Semuanya dimulai pada Piala Dunia 2010 ketika Mick Jagger diajak Bill Clinton menonton pertandingan Amerika Serikat melawan Ghana. Apa yang terjadi? Amerika Serikat justru kalah meski diunggulkan. Masih di Piala Dunia 2010, vokalis The Rolling Stones itu mendukung Brasil ketika melawan Belanda? Apa yang terjadi? Brasil gulung tikar.

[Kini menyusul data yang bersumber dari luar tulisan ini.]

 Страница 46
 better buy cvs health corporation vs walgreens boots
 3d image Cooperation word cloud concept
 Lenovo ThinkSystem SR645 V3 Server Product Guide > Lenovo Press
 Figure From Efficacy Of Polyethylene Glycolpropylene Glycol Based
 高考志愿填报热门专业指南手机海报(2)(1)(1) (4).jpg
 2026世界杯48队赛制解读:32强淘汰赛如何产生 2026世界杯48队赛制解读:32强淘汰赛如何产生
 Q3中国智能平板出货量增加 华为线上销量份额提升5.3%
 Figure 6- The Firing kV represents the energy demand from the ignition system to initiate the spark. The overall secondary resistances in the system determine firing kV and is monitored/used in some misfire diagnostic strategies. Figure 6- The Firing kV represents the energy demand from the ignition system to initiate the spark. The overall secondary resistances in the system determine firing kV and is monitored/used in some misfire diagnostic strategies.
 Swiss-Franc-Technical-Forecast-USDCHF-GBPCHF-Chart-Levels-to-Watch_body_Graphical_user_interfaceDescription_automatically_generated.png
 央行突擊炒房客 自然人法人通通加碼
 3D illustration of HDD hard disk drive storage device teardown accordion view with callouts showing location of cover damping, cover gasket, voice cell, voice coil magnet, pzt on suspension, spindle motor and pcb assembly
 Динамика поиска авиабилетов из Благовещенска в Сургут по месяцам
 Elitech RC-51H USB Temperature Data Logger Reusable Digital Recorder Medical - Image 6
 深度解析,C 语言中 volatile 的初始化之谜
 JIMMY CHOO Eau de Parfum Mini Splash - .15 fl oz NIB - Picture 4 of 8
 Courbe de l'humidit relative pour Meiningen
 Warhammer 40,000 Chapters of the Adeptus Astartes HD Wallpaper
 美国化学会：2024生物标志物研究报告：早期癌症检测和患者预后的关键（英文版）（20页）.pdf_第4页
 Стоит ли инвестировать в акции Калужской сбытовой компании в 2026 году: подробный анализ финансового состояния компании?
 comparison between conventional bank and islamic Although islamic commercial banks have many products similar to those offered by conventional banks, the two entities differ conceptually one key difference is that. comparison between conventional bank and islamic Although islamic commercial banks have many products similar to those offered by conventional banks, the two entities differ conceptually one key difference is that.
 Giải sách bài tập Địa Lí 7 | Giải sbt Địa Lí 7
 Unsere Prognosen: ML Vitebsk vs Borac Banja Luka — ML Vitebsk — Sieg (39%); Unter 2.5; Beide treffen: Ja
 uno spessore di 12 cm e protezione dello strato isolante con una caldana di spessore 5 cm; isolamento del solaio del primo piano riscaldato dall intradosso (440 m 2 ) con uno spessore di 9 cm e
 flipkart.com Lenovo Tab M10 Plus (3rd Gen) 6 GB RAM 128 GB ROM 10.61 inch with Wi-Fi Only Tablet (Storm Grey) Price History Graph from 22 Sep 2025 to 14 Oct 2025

Masih di kompetisi yang sama, Jagger juga datang ke stadion ketika Inggris melawan Jerman. Tentu, ia mendukung Inggris, negara kelahirannya. Hasilnya? Inggris dibantai Jerman dengan skor 1-4. Sudah kena kutukan tak akan juara lagi, Inggris mendapat dukungan Mick Jagger pula. Kalau main Mobile Legend, mungkin ini namanya double kill. Mati dua kali. Berat.

Kutukan Jagger masih berlanjut ketika ia mendukung Brasil di 2014. Hasilnya? Brasil dibantai Jerman 1-7. Yang menarik adalah ada dua suporter Brasil yang membuat poster Mick Jagger mengenakan seragam Jerman. Harapannya, kutukan ini bisa ditangkal dan justru melukai Jerman. Tapi ada daya, kutukan Jagger lebih kuat ketimbang doa pendukung Brasil.

5. Indonesia lolos ke Piala Dunia.

Bukan bermaksud tidak nasionalis. Namun, melihat situasi Liga Indonesia yang “seperti ini”, bahkan “si bukan anak indigo” bisa meraba bahwa Indonesia tidak akan pernah bisa lolos ke Piala Dunia.

Lha wong jadwal pertandingan saja bisa “diubah semau saya” kok. Masih ditambah kekerasan terhadap wasit, gaji pemain yang terlambat dibayarkan, pejabat teras yang absen memimpin demi ambisi politik, mafia berkuasa, dan lain sebagainya. Liga Indonesia tidak dirancang untuk Piala Dunia, namun seperti sebatas alat untuk memutar uang haram.

Itulah 5 mitos yang berhasil dirangkum personel Mojok Institute, si bukan anak indigo itu. Masih banyak mitos yang lain, namun personel Mojok sudah tak punya energi lagi untuk meraba. Si embah pun kehabisan energi. Baterai laptopnya ternyata ngedrop. Ya sudah, kita kembalikan kepada Robby Purba.